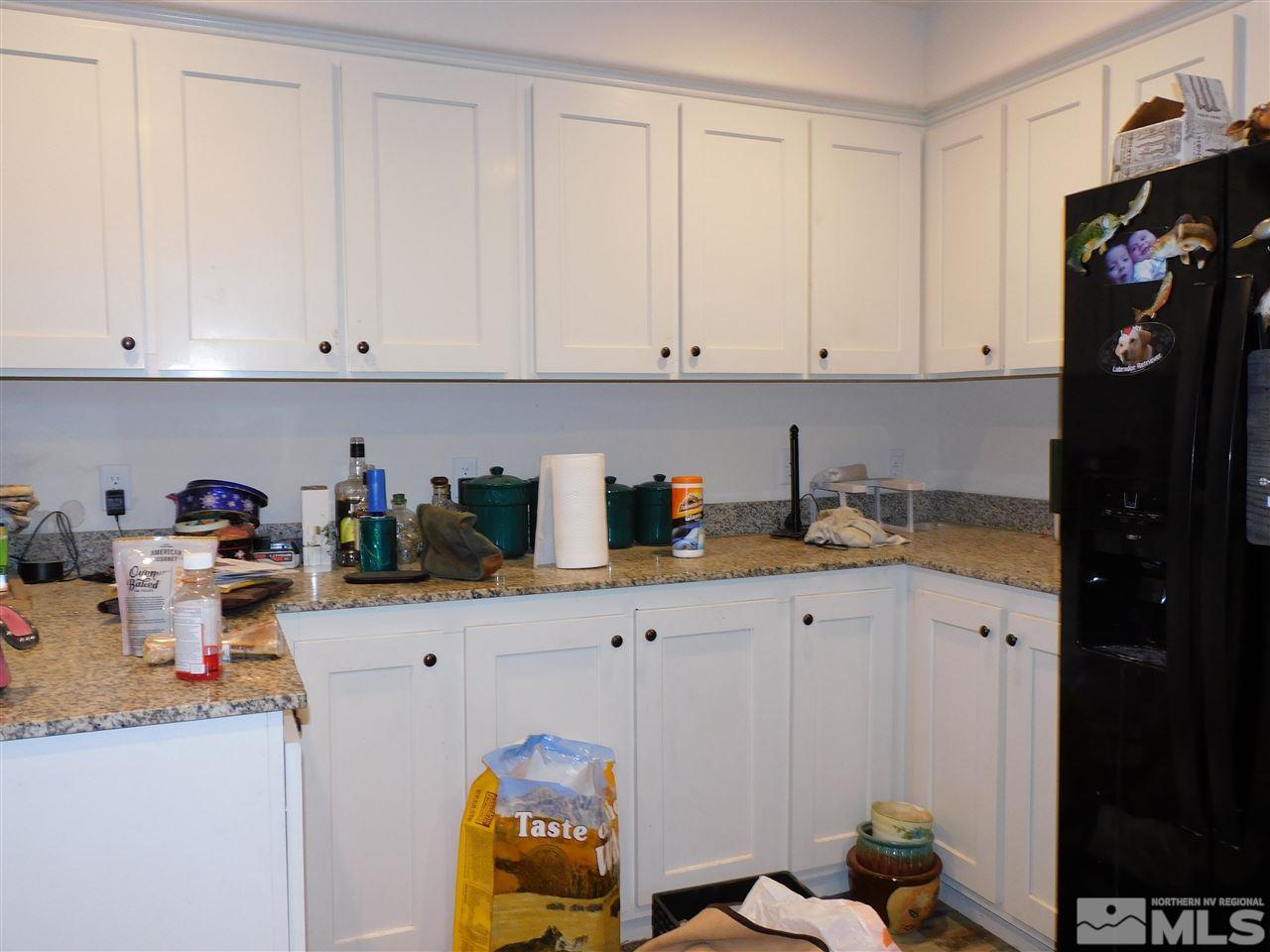 17875 Fantail Circle Reno, NV 89508 - Photo 4 of 15 a kitchen with stainless steel appliances granite countertop a sink a refrigerator and cabinets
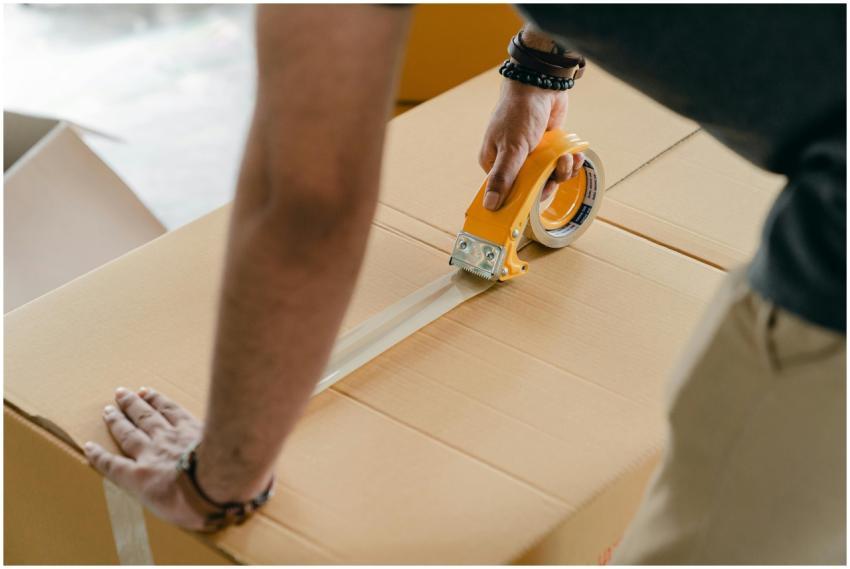 Man using packing tape to seal a cardboard box ind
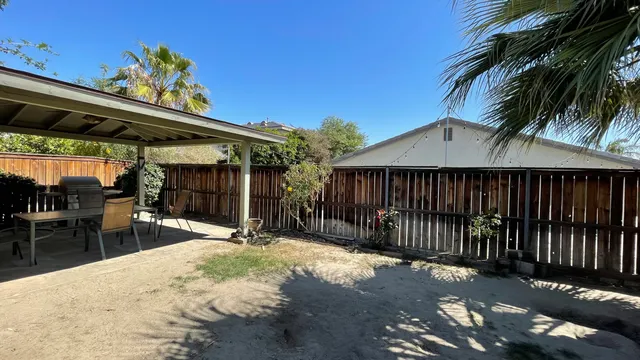 a view of outdoor space with swimming pool and furniture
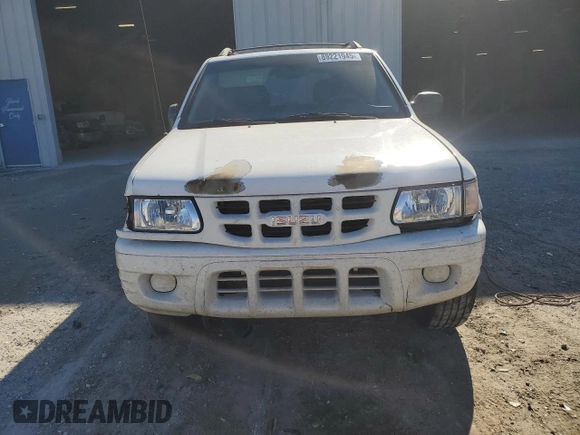 2001 Isuzu Rodeo S with VIN 4S2CK58W514310849, listed as a Copart auction lot 89221945 with 138,720 mi miles and Salvage title. Bid and sale history available at DreamBid. Image 5.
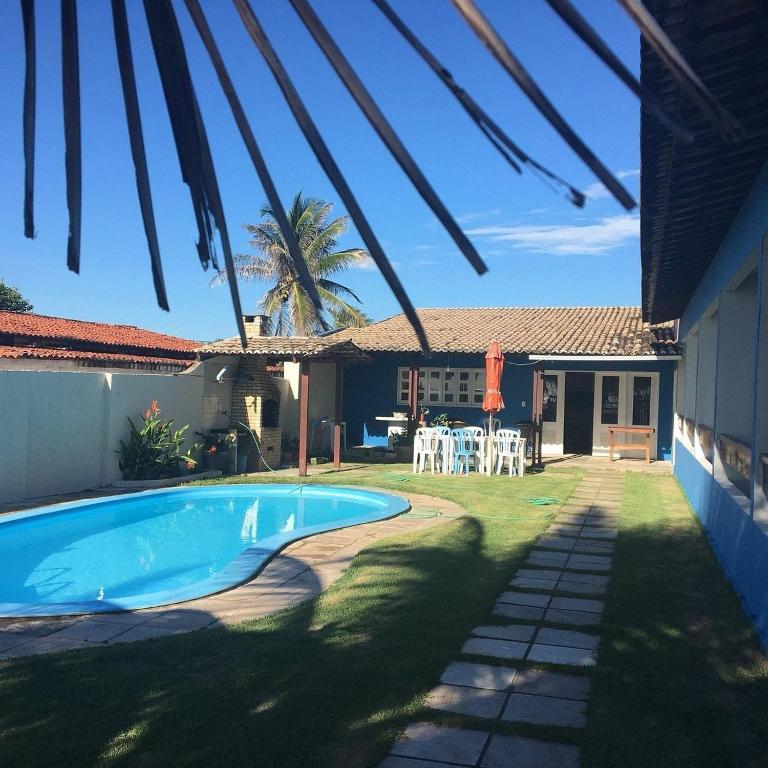 a backyard with a swimming pool and a house at Pousada Soleil de Genipabu in Contenda
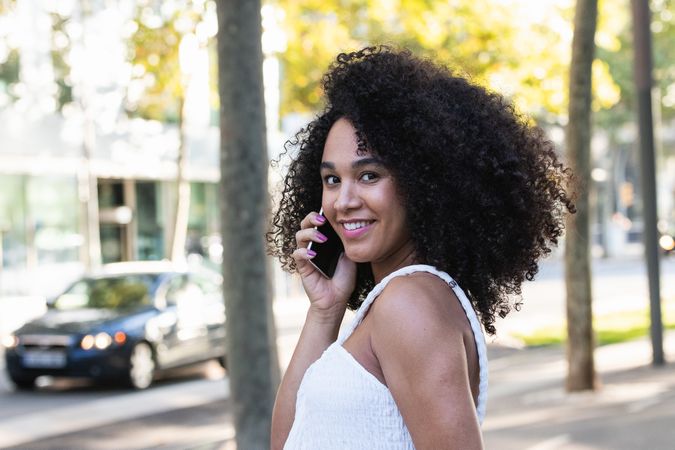 Smiling Black woman on a phone call on smartphone
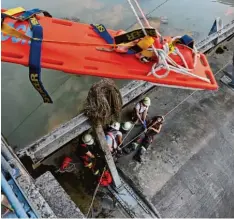  ?? Fotos: Julian Leitenstor­fer ?? Feuerwehrü­bung an der Lechstaust­ufe bei Pitzling: Ein Rettungsbr­ett wird zur Ver letztenret­tung abgeseilt.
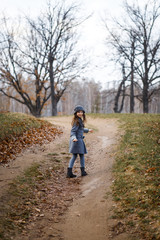 Obraz premium A cute girl in gey coat and gray hat in the oak wood in autumn walking at the sunset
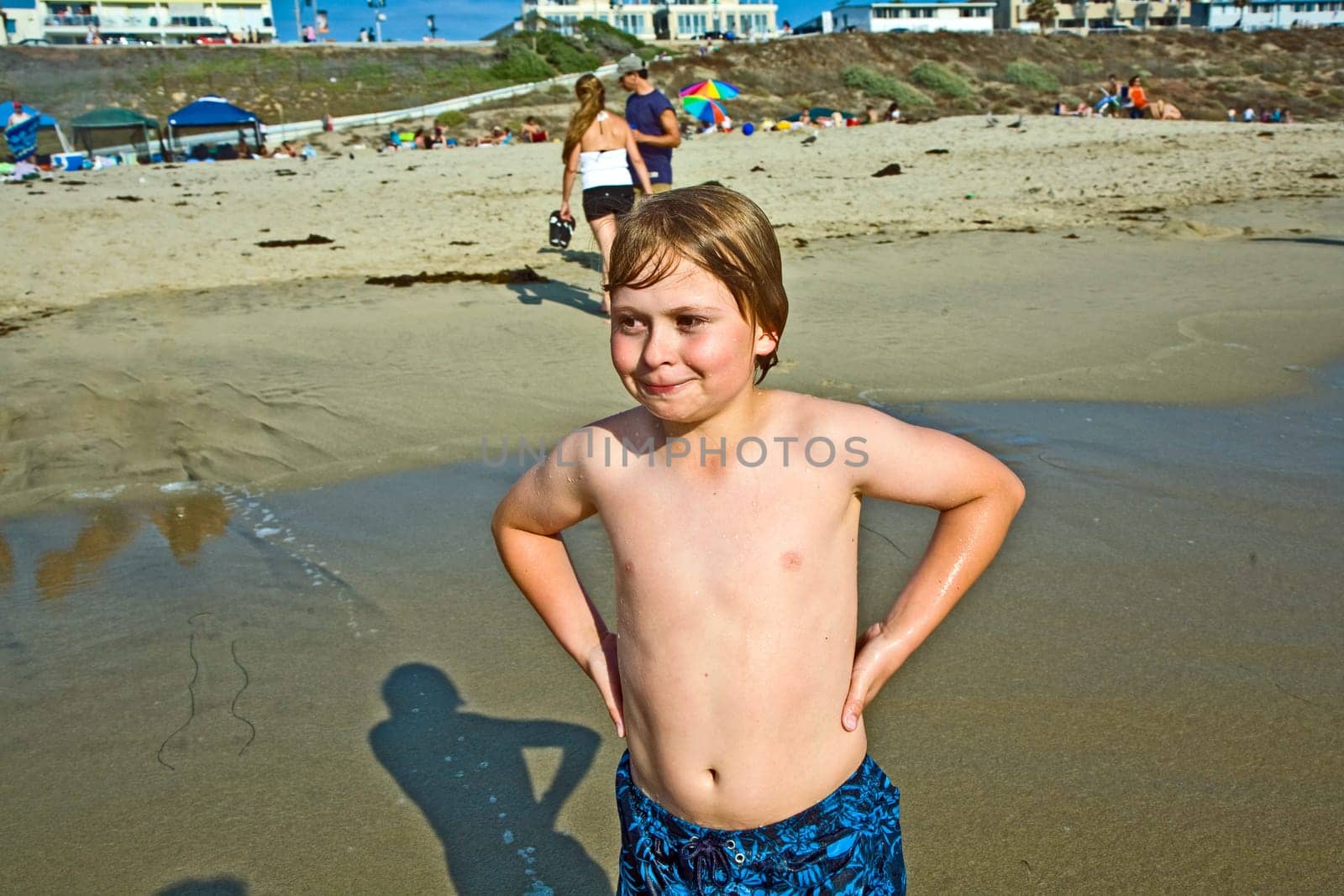 cute happy smiling boy enjoys the beach in California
----------
- **DIRECTIONS FOR THIS TASK**
Retype the listing above exactly. Pictures are not part of the copy.

- **ANSWER TO THE PROBLEM**
 17875 Fantail Circle Reno, NV 89508 - Photo 4 of 15 a kitchen with stainless steel appliances granite countertop a sink a refrigerator and cabinets
 Man using packing tape to seal a cardboard box ind
 a view of outdoor space with swimming pool and furniture
 2001 Isuzu Rodeo S with VIN 4S2CK58W514310849, listed as a Copart auction lot 89221945 with 138,720 mi miles and Salvage title. Bid and sale history available at DreamBid. Image 5.
 a backyard with a swimming pool and a house at Pousada Soleil de Genipabu in Contenda
 Smiling Black woman on a phone call on smartphone
  ?? Fotos: Julian Leitenstor­fer ?? Feuerwehrü­bung an der Lechstaust­ufe bei Pitzling: Ein Rettungsbr­ett wird zur Ver letztenret­tung abgeseilt.
 Obraz premium A cute girl in gey coat and gray hat in the oak wood in autumn walking at the sunset
 cute happy smiling boy enjoys the beach in California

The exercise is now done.